Dive Brief:
- The vast majority — 86% — of consumers say loyalty rewards matter to them, but far fewer say they use a loyalty program regularly, according to a survey of 3,400 consumers released Monday by Upside.
- Only 59% of shoppers say they use a grocery loyalty program regularly. That falls to 49% for fuel and convenience store programs and 38% for restaurant programs.
- A majority of consumers across grocery, fuel and convenience store, and restaurant programs are “preference-first” shoppers who show high-brand affinity and high-price sensitivity, according to Upside. These customers are quick to join loyalty programs at places they like — and they tend to like a lot of places.
Dive Insight:
The loyalty program landscape is crowded, and it’s becoming harder for individual programs to stand out. A successful program will want to go beyond growing enrollment to actually influencing customers’ shopping behavior.

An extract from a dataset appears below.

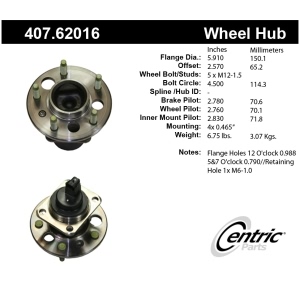 Centric Premium™ Rear Passenger Side Non-Driven Wheel Bearing and Hub Assembly for 1999 Cadillac DeVille - 407.62016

Part of the challenge is that there is a disconnect between the consumers that loyalty programs target and the shoppers that are most likely to be influenced by rewards programs.
“For many years programs were designed almost entirely around the heaviest users,” Patricia Camden, loyalty leader for EY Americas, said in an email. “The thinking was if you reward the people already spending the most, you'll get more of that behavior. That can work, but it also leaves a lot of value on the table.”
EY research has found that loyalty enrollment is at or near all-time highs, but nearly half of consumers say they’re willing to shop outside of a program if they find a better deal elsewhere, according to Camden. As a result, there is a large group of customers who are technically loyalty members, but aren’t fully committed to the brand.
Top-tier loyalty programs nurture the customer behavior they desire over time, Camden said. “If the program isn't actively nurturing the next cohort coming up behind them, the top of the pyramid eventually starts to thin out.”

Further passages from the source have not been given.